### [Exercise instructions]
Only the text belongs in the copy: repeat each record exactly, without pictures.
Start of Block
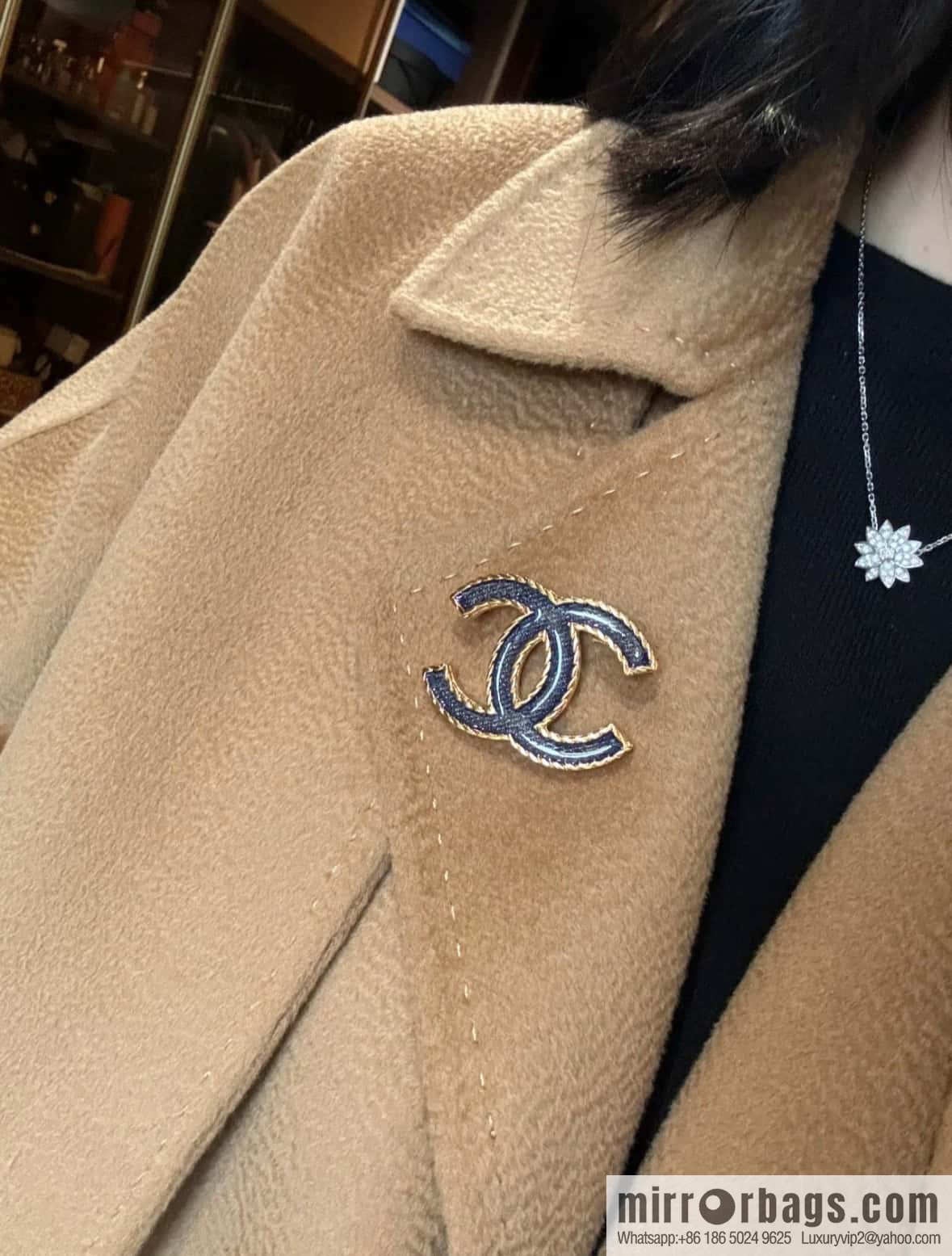 ❗️New ❗️ ☀️ New ☑️ Chanel Denim Double C Brooch ☀️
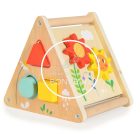 Fa játék - Fa készségfejlesztő háromszög - Pasztel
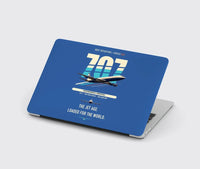 Thumbnail for Boeing 707-320C design on blue MacBook case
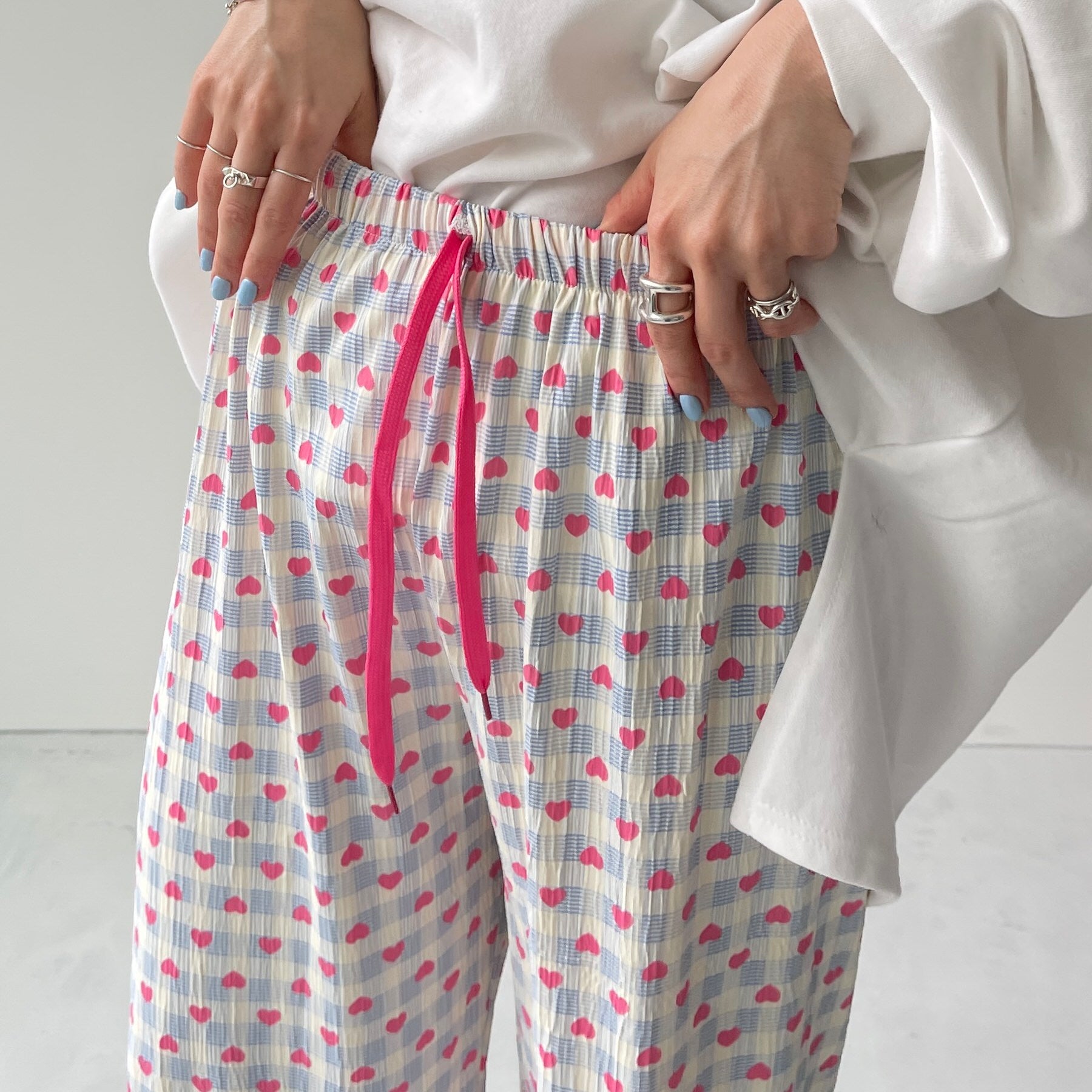vintage like lace pants / black[FREE or LONG] | wee9s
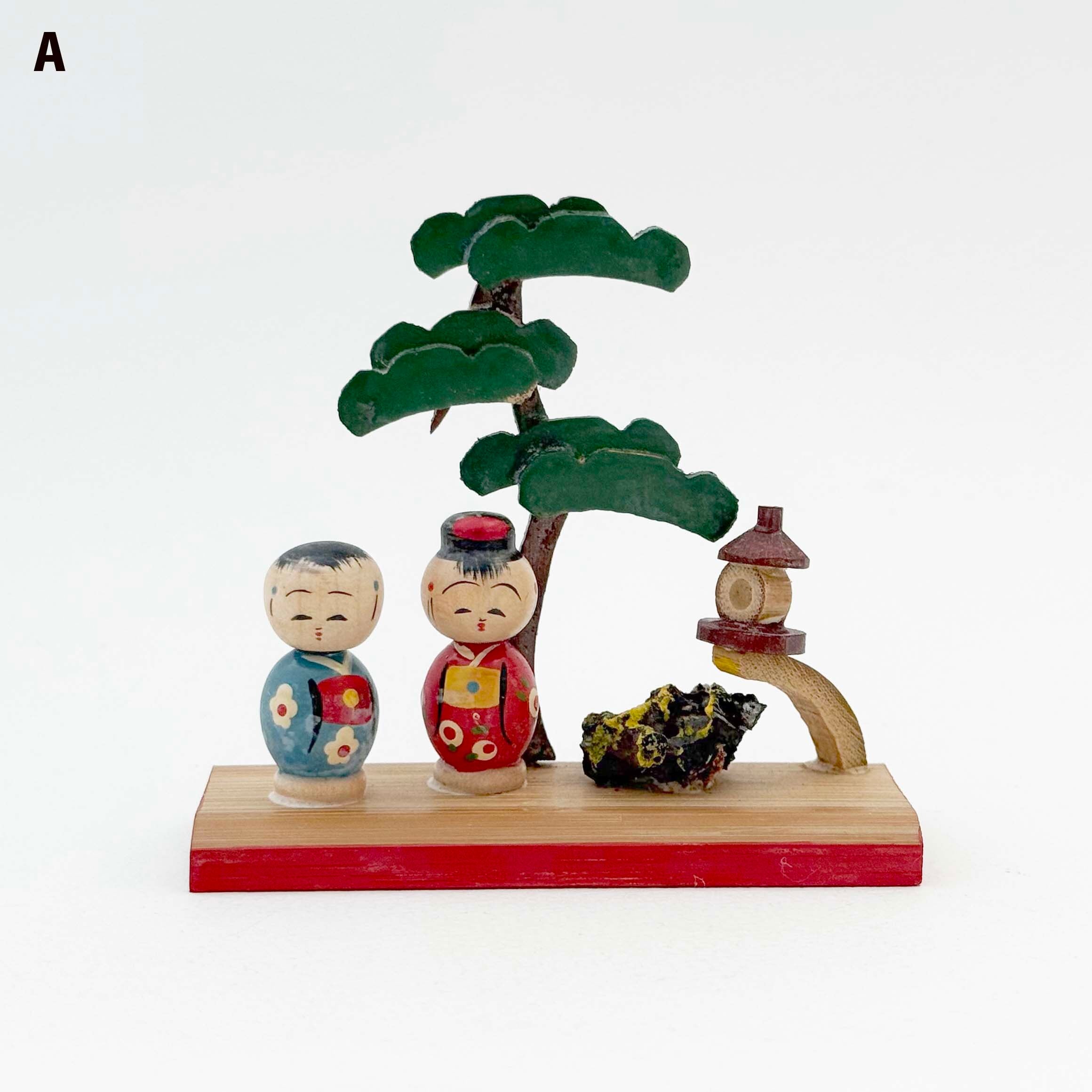 昭和30年代 ミニチュア・フィギュア (お土産定番こけし)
End of Block
### [Task response]
 ❗️New ❗️ ☀️ New ☑️ Chanel Denim Double C Brooch ☀️
 Fa játék - Fa készségfejlesztő háromszög - Pasztel
 Thumbnail for Boeing 707-320C design on blue MacBook case
vintage like lace pants / black[FREE or LONG] | wee9s
 昭和30年代 ミニチュア・フィギュア (お土産定番こけし)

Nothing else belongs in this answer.